Given data:
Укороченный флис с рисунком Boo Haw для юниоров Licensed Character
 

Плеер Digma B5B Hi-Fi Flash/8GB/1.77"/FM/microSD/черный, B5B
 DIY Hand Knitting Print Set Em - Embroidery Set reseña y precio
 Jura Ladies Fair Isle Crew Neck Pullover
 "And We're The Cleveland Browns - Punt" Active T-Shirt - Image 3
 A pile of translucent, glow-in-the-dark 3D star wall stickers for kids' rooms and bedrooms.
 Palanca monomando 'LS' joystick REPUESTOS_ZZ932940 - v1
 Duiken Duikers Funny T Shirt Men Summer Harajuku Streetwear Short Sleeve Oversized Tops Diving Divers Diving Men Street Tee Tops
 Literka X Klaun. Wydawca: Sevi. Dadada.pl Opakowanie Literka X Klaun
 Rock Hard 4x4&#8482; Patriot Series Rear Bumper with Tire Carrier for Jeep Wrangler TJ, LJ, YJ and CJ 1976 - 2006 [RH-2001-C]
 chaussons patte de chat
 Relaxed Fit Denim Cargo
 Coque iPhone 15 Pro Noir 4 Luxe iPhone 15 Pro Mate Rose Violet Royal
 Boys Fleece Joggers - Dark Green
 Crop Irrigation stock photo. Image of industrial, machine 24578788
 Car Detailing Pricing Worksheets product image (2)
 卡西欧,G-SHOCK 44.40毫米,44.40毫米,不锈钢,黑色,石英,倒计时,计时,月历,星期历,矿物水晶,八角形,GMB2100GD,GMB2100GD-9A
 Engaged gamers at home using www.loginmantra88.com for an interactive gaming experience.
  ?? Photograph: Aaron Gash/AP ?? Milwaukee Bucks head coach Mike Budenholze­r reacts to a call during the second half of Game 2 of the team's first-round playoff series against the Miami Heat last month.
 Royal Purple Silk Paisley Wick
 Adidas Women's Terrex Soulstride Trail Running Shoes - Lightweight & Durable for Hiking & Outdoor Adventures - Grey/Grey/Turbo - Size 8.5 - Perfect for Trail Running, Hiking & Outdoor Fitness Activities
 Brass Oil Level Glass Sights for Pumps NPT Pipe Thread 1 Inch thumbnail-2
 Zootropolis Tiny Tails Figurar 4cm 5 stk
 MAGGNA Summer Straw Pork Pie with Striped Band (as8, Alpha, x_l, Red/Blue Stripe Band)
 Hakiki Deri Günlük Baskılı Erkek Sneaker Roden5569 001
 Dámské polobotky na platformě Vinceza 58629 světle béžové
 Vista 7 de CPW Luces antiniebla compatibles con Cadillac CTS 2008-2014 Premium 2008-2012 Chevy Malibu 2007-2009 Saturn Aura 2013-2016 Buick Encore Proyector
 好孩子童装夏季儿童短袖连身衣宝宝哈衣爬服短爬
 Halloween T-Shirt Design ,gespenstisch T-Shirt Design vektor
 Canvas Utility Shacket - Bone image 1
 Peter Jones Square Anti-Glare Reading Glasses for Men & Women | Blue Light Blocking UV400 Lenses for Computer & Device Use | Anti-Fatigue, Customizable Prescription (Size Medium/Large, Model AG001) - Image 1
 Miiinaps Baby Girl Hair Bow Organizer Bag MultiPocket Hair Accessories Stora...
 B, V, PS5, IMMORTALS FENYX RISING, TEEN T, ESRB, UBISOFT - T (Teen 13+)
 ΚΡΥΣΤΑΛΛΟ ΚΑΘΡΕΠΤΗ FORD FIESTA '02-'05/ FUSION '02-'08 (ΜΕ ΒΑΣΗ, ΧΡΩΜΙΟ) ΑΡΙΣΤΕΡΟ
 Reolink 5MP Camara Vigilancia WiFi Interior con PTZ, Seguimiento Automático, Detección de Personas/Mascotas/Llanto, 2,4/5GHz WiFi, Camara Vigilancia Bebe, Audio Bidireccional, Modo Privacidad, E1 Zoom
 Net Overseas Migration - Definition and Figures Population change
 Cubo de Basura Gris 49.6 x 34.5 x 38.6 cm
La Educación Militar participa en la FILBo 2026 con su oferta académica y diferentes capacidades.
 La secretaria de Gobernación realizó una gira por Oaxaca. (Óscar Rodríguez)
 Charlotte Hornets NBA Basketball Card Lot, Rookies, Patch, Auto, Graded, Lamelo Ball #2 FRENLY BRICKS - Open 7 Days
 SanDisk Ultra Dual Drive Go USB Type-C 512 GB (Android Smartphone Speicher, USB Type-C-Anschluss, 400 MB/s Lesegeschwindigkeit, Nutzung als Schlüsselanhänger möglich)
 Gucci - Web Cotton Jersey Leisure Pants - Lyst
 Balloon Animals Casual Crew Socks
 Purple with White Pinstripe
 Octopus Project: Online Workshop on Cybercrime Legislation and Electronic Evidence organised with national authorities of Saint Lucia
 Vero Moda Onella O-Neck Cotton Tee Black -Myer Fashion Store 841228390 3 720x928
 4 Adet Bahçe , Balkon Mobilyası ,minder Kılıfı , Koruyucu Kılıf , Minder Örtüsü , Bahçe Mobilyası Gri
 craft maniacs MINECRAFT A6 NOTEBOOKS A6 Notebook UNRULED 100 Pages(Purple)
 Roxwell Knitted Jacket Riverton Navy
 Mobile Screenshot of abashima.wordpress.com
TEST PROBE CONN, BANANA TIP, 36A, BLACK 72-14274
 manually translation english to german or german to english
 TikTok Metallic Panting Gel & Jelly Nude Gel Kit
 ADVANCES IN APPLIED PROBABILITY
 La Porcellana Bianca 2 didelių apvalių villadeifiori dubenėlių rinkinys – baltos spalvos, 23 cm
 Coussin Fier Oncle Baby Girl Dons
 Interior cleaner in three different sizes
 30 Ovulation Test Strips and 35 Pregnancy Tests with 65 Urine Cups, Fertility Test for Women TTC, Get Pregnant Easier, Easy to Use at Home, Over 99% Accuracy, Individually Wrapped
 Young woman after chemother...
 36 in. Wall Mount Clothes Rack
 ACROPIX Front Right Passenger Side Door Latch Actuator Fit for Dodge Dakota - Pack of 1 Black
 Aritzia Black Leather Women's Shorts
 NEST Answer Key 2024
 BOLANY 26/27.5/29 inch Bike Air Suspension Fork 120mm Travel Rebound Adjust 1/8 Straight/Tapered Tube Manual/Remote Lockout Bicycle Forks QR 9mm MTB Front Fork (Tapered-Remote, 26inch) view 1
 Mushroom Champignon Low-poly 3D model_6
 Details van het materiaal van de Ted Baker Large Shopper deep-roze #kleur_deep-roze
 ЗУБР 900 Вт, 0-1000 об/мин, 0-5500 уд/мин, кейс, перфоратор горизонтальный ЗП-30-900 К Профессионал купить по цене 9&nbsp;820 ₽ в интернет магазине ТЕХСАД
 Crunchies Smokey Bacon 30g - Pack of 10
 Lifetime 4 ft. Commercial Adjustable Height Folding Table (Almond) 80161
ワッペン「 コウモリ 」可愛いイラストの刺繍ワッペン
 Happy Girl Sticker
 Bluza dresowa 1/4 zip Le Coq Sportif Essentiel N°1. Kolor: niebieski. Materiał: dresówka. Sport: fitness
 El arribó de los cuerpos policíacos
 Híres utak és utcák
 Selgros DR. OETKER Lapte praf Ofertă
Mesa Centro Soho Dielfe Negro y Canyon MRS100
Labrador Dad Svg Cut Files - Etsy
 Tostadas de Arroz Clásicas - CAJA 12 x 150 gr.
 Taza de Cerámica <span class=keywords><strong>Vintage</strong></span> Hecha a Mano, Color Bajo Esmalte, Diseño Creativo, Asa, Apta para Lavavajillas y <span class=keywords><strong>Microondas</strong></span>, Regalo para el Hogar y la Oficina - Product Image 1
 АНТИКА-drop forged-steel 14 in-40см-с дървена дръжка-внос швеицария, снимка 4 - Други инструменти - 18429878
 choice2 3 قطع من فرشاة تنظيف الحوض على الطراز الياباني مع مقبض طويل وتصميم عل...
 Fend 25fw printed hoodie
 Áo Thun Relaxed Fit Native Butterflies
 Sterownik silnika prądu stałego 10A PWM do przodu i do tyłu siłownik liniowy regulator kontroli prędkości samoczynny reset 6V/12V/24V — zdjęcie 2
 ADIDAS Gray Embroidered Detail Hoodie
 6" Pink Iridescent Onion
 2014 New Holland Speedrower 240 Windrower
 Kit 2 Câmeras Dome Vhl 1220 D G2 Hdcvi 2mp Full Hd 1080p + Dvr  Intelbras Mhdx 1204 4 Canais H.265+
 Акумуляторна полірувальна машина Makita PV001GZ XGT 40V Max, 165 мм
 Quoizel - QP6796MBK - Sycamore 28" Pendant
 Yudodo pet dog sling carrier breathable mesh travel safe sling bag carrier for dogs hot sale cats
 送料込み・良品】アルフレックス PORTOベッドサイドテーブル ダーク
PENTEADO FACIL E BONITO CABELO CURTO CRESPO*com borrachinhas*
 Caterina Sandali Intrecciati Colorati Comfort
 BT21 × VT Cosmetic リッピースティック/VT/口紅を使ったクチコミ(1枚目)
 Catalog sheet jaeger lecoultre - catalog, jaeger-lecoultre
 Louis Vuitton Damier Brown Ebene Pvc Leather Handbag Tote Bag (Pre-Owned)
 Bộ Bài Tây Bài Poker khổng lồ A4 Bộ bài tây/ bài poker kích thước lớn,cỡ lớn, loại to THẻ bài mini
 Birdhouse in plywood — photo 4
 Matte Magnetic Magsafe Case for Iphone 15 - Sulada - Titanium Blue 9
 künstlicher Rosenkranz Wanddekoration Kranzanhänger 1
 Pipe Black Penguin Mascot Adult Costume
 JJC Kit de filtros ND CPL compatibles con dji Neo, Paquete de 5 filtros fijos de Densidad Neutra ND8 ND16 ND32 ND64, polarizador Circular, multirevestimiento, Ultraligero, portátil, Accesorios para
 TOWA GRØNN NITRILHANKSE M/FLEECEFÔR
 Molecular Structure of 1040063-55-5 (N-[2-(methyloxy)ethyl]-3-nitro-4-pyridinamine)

About this exercise:
Only one stretch of the data above is needed. Restate it word for word, from the line containing "Fend 25fw printed hoodie" through the line containing "Catalog sheet jaeger", both ends included.

Output of the exercise:
 Fend 25fw printed hoodie
 Áo Thun Relaxed Fit Native Butterflies
 Sterownik silnika prądu stałego 10A PWM do przodu i do tyłu siłownik liniowy regulator kontroli prędkości samoczynny reset 6V/12V/24V — zdjęcie 2
 ADIDAS Gray Embroidered Detail Hoodie
 6" Pink Iridescent Onion
 2014 New Holland Speedrower 240 Windrower
 Kit 2 Câmeras Dome Vhl 1220 D G2 Hdcvi 2mp Full Hd 1080p + Dvr  Intelbras Mhdx 1204 4 Canais H.265+
 Акумуляторна полірувальна машина Makita PV001GZ XGT 40V Max, 165 мм
 Quoizel - QP6796MBK - Sycamore 28" Pendant
 Yudodo pet dog sling carrier breathable mesh travel safe sling bag carrier for dogs hot sale cats
 送料込み・良品】アルフレックス PORTOベッドサイドテーブル ダーク
PENTEADO FACIL E BONITO CABELO CURTO CRESPO*com borrachinhas*
 Caterina Sandali Intrecciati Colorati Comfort
 BT21 × VT Cosmetic リッピースティック/VT/口紅を使ったクチコミ(1枚目)
 Catalog sheet jaeger lecoultre - catalog, jaeger-lecoultre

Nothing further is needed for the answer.